En octobre 2009, ce premier projet d’accord a été spontanément abandonné par Google et les sociétés d’ayants droit américains après les vives critiques dont il a fait l’objet. Les parties de l’accord initial ont très vite présenté un nouveau projet, amendé, qui réduit le champ des livres concernés à ceux qui ont été publiés dans un pays anglo-saxon ou enregistrés au Bureau américain du droit d’auteur. Cependant, de très nombreux livres du monde entier restent concernés (plus de 200 000 en France) parce que cet enregistrement au Bureau du droit d’auteur était une démarche très fréquente pour les œuvres produites au XXe siècle, qu’elles soient ou non américaines : avant 1989 et la signature de la convention de Berne par les États-Unis, c’était le seul moyen pour les éditeurs de protéger leurs livres sur ce territoire. Le projet amendé modifie également le principe suivant lequel Google aurait pu exploiter sans autorisation préalable les livres indisponibles dans les circuits commerciaux américains : Google devrait maintenant vérifier également qu’il est bien impossible de se procurer le livre neuf, même par l’internet.

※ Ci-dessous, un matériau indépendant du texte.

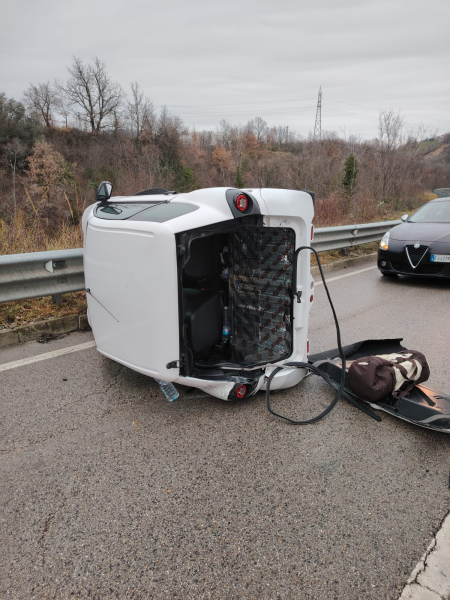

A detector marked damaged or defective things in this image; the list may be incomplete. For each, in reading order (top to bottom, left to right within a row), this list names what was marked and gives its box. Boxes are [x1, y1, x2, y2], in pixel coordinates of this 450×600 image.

overturned white car [82, 186, 314, 404]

Le 18 février 2010, une nouvelle audience a eu lieu devant le juge fédéral Dennis Chin, où étaient entendues les observations contre ce deuxième projet d’accord. Les parties ayant déposé des observations, qui rassemblent de nombreuses sociétés et organisations parmi lesquelles Microsoft, Amazon, les gouvernements américain, allemand et français, le Syndicat national de l’édition et six groupes d’édition français, ne sont pas satisfaites des aménagements apportés à la première version. L’avis de Dennis Chin est encore attendu.